"Before virtue is placed exertion,
And long and steep is the way to it,
And rough at first; but when the summit is reached,
Then is it easy, though difficult [before]."
"For narrow," in truth, "and strait is the way" of the Lord. And it is to the "violent that the kingdom of God belongs." 
Whence, "Seek, and ye shall find," holding on by the truly royal road, and not deviating. As we might expect, then, the generative power of the seeds of the doctrines comprehended in this treatise is great in small space, as the "universal herbage of the field,"  as Scripture saith.

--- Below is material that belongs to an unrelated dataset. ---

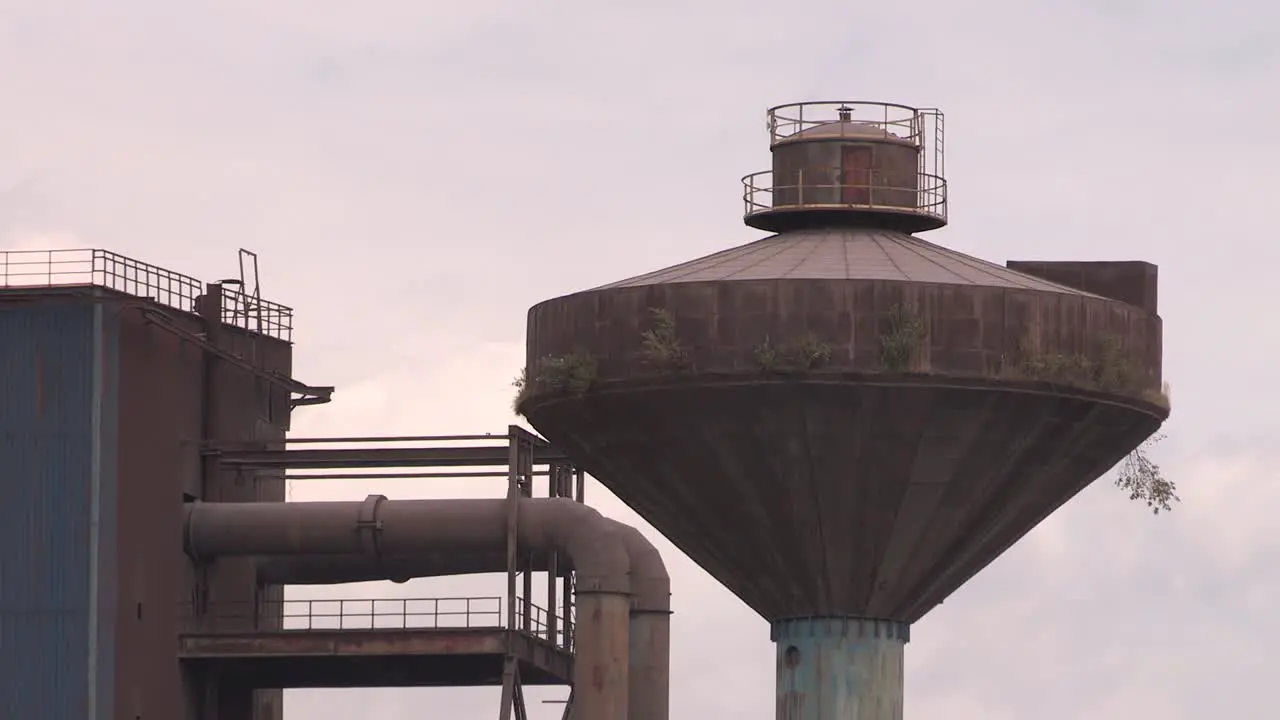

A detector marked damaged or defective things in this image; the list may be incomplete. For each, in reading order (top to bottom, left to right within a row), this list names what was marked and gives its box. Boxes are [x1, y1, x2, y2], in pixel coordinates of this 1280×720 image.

rusty metal tank [516, 98, 1168, 716]
corroded steel structure [520, 98, 1168, 716]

Thus the Miscellanies of notes have their proper title, wonderfully like that ancient oblation culled from all sorts of things of which Sophocles writes: --
"For there was a sheep's fleece, and there was a vine,
And a libation, and grapes well stored;
And there was mixed with it fruit of all kinds,
And the fat of the olive, and the most curious
Wax-formed work of the yellow bee."
Just so our Stromata, according to the husbandman of the comic poet Timocles, produce "figs, olives, dried figs, honey, as from an all-fruitful field;" on account of which exuberance he adds: --
"Thou speakest of a harvest-wreath not of husbandry."
For the Athenians were wont to cry: --
"The harvest-wreath bears figs and fat loaves,
And honey in a cup, and olive oil to anoint you."
We must then often, as in winnowing sieves, shake and toss up this the great mixture of seeds, in order to separate the wheat.